Input data ::

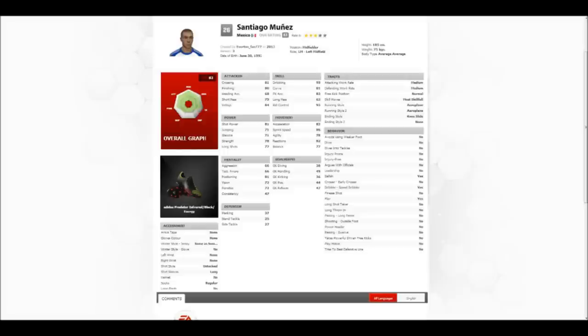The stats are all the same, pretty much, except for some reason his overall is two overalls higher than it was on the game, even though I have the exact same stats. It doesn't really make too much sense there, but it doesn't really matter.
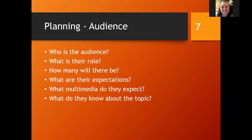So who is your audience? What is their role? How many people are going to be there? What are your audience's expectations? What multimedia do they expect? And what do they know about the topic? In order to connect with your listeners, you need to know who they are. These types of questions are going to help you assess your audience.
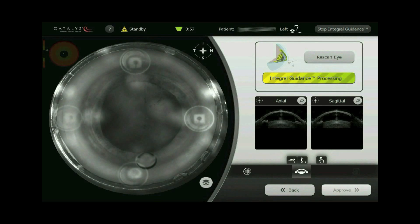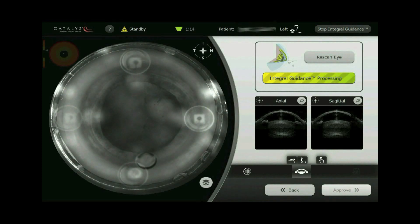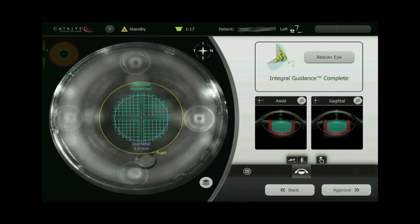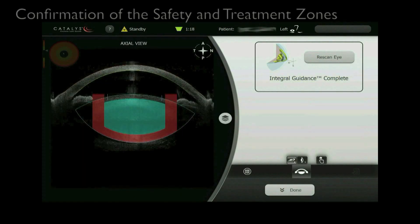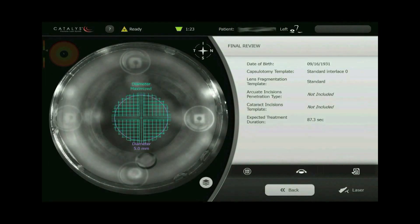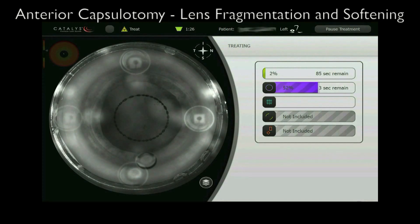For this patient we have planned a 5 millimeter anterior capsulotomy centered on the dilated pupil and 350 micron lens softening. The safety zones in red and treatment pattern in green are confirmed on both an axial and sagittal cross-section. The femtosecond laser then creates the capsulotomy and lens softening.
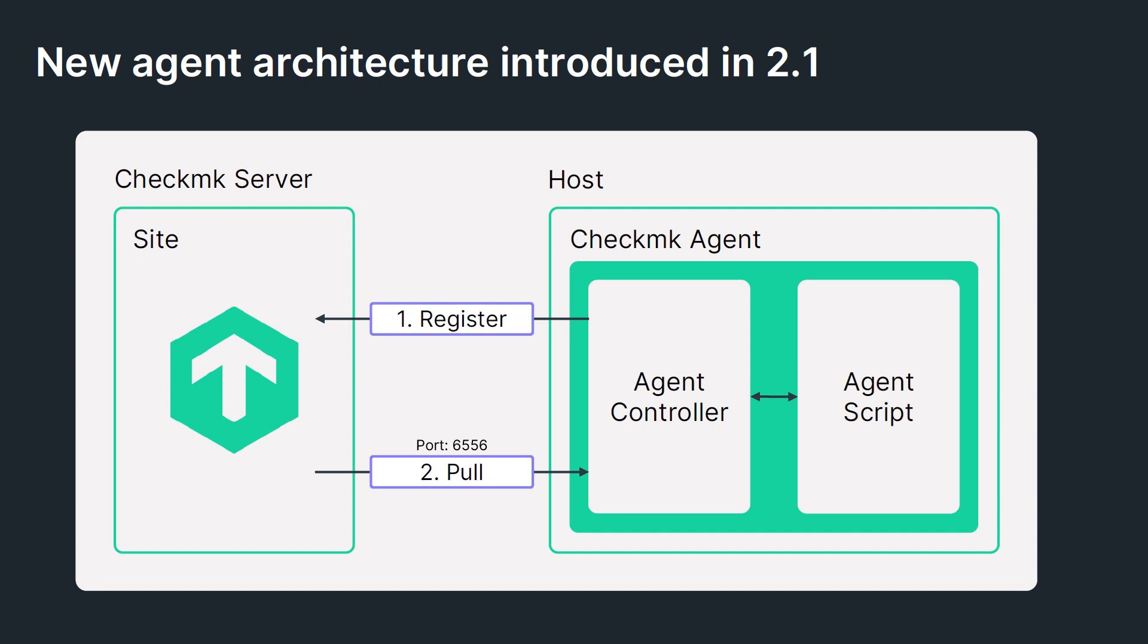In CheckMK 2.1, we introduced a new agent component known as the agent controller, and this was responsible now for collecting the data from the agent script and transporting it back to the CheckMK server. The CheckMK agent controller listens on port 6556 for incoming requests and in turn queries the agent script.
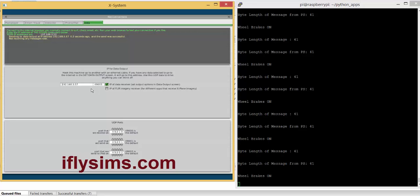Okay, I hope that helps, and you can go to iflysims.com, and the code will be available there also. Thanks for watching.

Exercise requirements ::
Set down word for word each line from the one containing "So who is your" through the end of the material, and keep the pictures out of it.

Solved problem ::
So who is your audience? What is their role? How many people are going to be there? What are your audience's expectations? What multimedia do they expect? And what do they know about the topic? In order to connect with your listeners, you need to know who they are. These types of questions are going to help you assess your audience.
For this patient we have planned a 5 millimeter anterior capsulotomy centered on the dilated pupil and 350 micron lens softening. The safety zones in red and treatment pattern in green are confirmed on both an axial and sagittal cross-section. The femtosecond laser then creates the capsulotomy and lens softening.
In CheckMK 2.1, we introduced a new agent component known as the agent controller, and this was responsible now for collecting the data from the agent script and transporting it back to the CheckMK server. The CheckMK agent controller listens on port 6556 for incoming requests and in turn queries the agent script.
Okay, I hope that helps, and you can go to iflysims.com, and the code will be available there also. Thanks for watching.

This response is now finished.